[<prev] [next>] [<thread-prev] [thread-next>] [day] [month] [year] [list]
Message-ID: <6e2539b7-b4c7-95dc-e4ac-27692d955936@redhat.com>
Date: Wed, 24 Aug 2022 17:13:08 +0200
From: David Hildenbrand <david@...hat.com>
To: Baolin Wang <baolin.wang@...ux.alibaba.com>,
Mike Kravetz <mike.kravetz@...cle.com>
Cc: akpm@...ux-foundation.org, songmuchun@...edance.com,
linux-mm@...ck.org, linux-kernel@...r.kernel.org
Subject: Re: [PATCH v2 1/5] mm/hugetlb: fix races when looking up a CONT-PTE
size hugetlb page
On 24.08.22 17:06, Baolin Wang wrote:
>
>
> On 8/24/2022 10:33 PM, David Hildenbrand wrote:
>> On 24.08.22 16:30, Baolin Wang wrote:
>>>
>>>
>>> On 8/24/2022 7:55 PM, David Hildenbrand wrote:
>>>> On 24.08.22 11:41, Baolin Wang wrote:
>>>>>
>>>>>
>>>>> On 8/24/2022 3:31 PM, David Hildenbrand wrote:
>>>>>>>>>>
>>>>>>>>>> IMHO, these follow_huge_xxx() functions are arch-specified at first and
>>>>>>>>>> were moved into the common hugetlb.c by commit 9e5fc74c3025 ("mm:
>>>>>>>>>> hugetlb: Copy general hugetlb code from x86 to mm"), and now there are
>>>>>>>>>> still some arch-specified follow_huge_xxx() definition, for example:
>>>>>>>>>> ia64: follow_huge_addr
>>>>>>>>>> powerpc: follow_huge_pd
>>>>>>>>>> s390: follow_huge_pud
>>>>>>>>>>
>>>>>>>>>> What I mean is that follow_hugetlb_page() is a common and
>>>>>>>>>> not-arch-specified function, is it suitable to change it to be
>>>>>>>>>> arch-specified?
>>>>>>>>>> And thinking more, can we rename follow_hugetlb_page() as
>>>>>>>>>> hugetlb_page_faultin() and simplify it to only handle the page faults of
>>>>>>>>>> hugetlb like the faultin_page() for normal page?

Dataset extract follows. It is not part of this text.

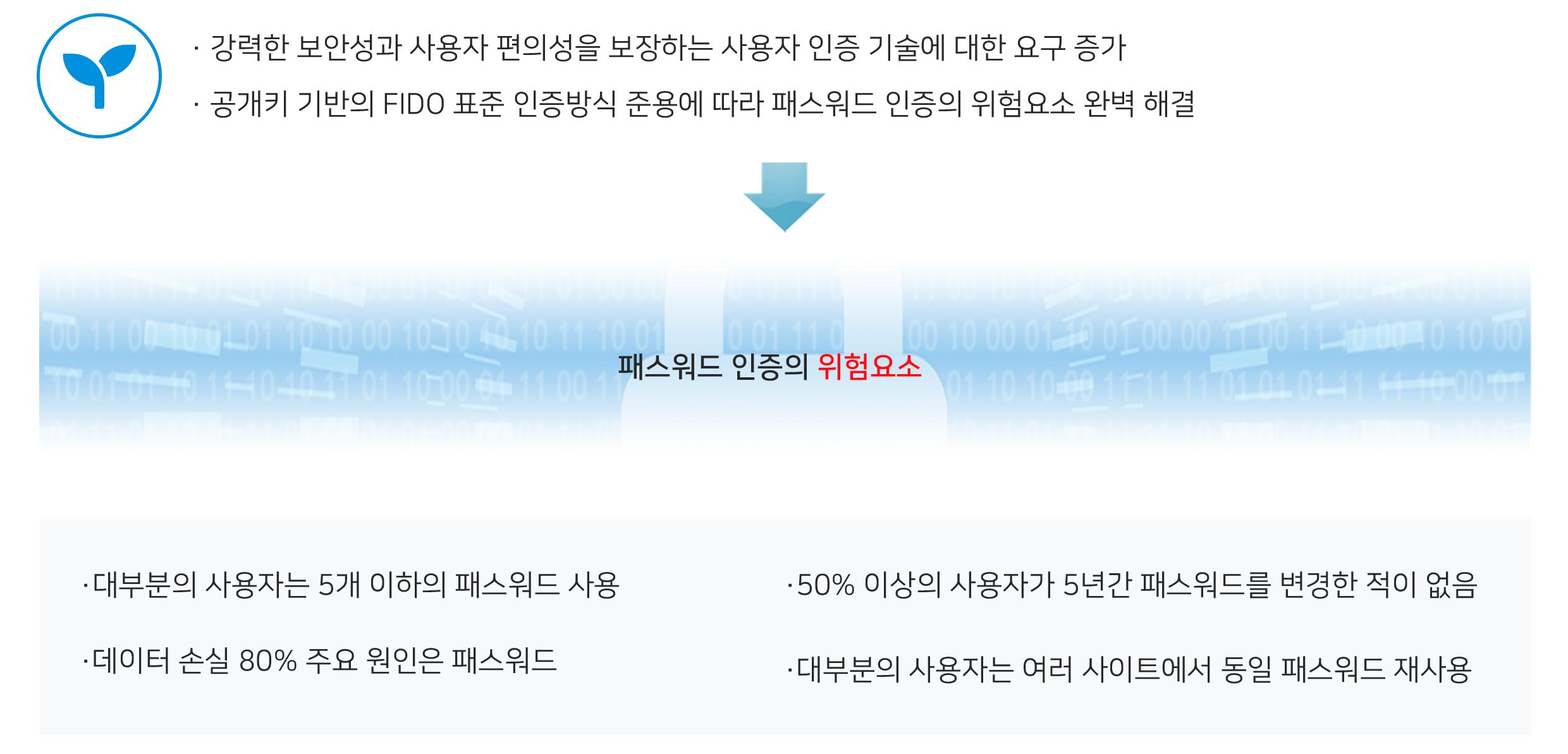 원모어패스 차세대 통합 인증 솔루션의 도입 필요성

That means we can make
>>>>>>>>>> sure only follow_page_mask() can handle hugetlb.
>>>>>>>>>>
>>>>>>>>
>>>>>>>> Something like that might work, but you still have two page table walkers
>>>>>>>> for hugetlb. I like David's idea (if I understand it correctly) of
>>>>>>>
>>>>>>> What I mean is we may change the hugetlb handling like normal page:
>>>>>>> 1) use follow_page_mask() to look up a hugetlb firstly.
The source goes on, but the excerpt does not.